Painter's exhibition dwells on eternal nature of art
Since 2006 Mao Xuhui, a leading figure of Chinese contemporary art, has revisited Guishan Mountain and nearby villages inhabited by the Sani people, a branch of the Yi ethnic group. The place is some 100 kilometers from Kunming, Yunnan province, where Mao has lived since childhood. There, Mao experiences a simple, self-sufficient and peaceful life exemplified by the Sani people. He feels days are repetitive and time is frozen in Guishan, in which he has found eternity and calmness, and new reasons to keep on painting.

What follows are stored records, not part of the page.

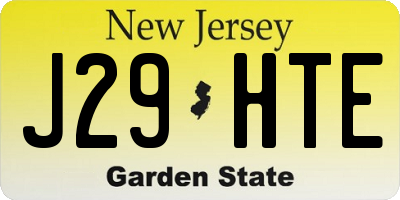 NJ license plate J29HTE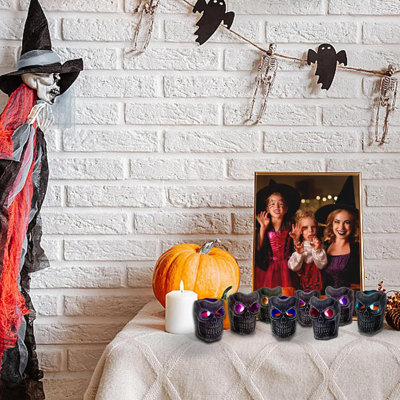 Ensemble de 8 bougies d'Halloween pour l'extérieur, changeant de couleur sans flamme, décorations éclairées en forme de crâne d'Halloween pour l'intérieur, chambre à coucher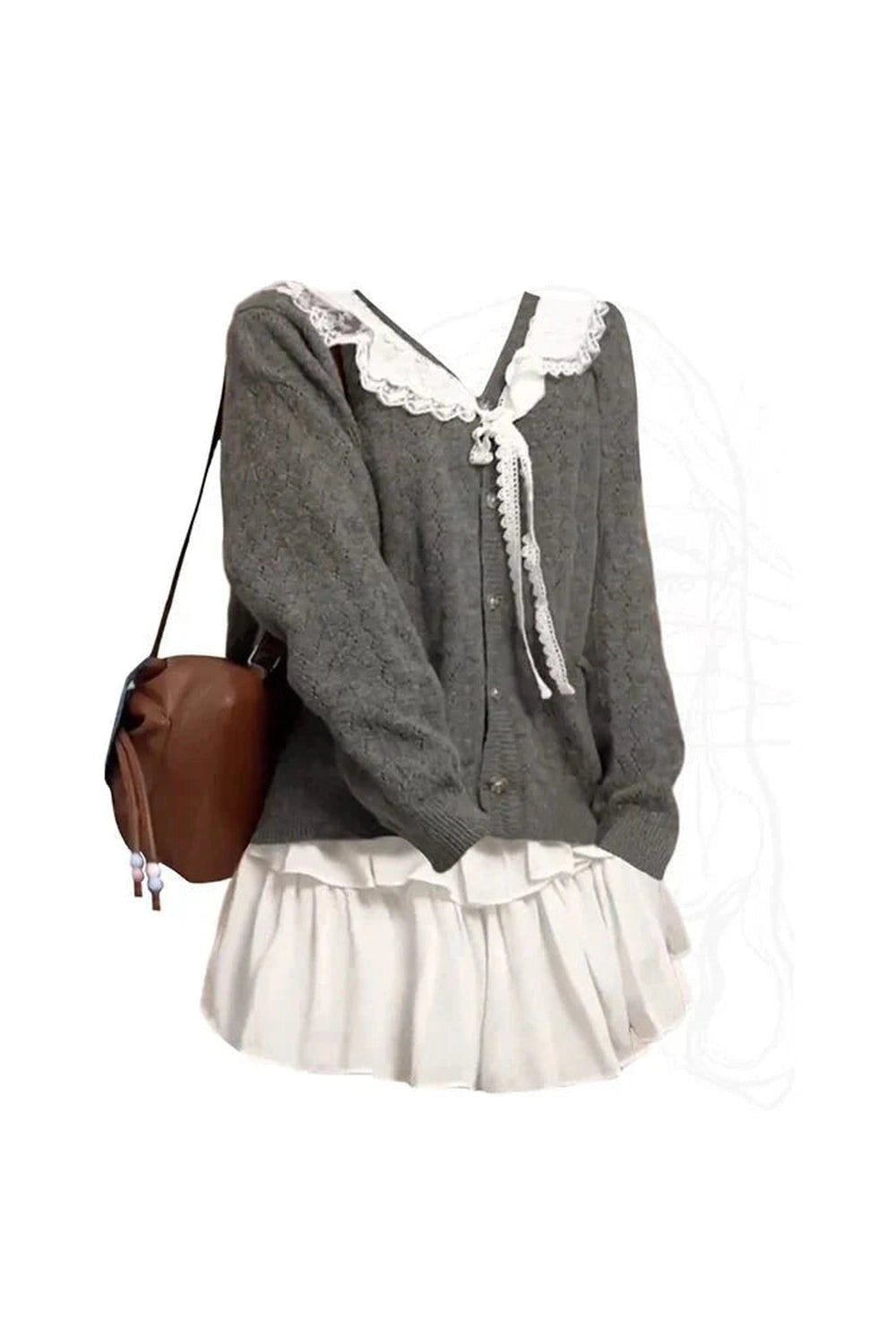 Y2k Acubi Lace Cardigan Sweater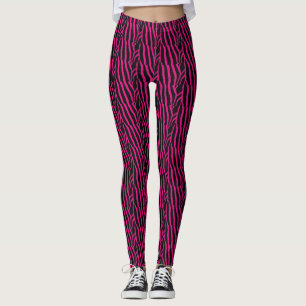Rosa und schwarze Zebrastreifen Leggings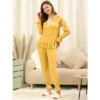 Allegra K Women's Sleepwear Lounge Peter Pan Collar Long Sleeve Ruffle Pajama Set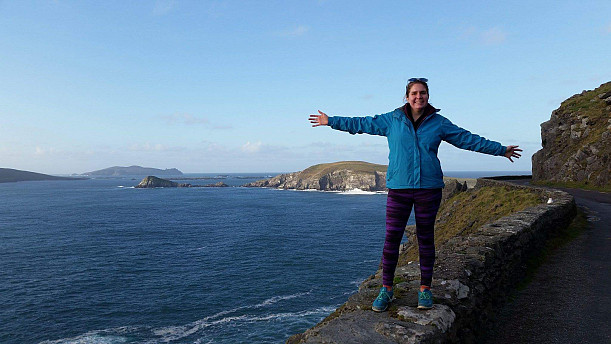 Emily Jones '18 standing on a ledge in the Dingle Peninsula of Ireland.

Mao's Guishan series of paintings are on show at The History of Eternity: Forty Years of Mao Xuhui 1980-2021, a retrospective exhibition reviewing his artistic development over the past four decades, beginning with his active days during a vanguard art movement in Yunnan and Sichuan provinces in the 1980s.
The exhibition, held at Tang Contemporary Art Beijing until Aug 26, shows oil paintings, ink works on paper, drawings and mixed-media creations to encompass distinctive motifs and styles in the different stages of Mao's career.
It is a document of not only an individual's continuous self-reflection, intensive vigor and tireless creativity but also serves as a mirror of the evolution of Chinese contemporary art.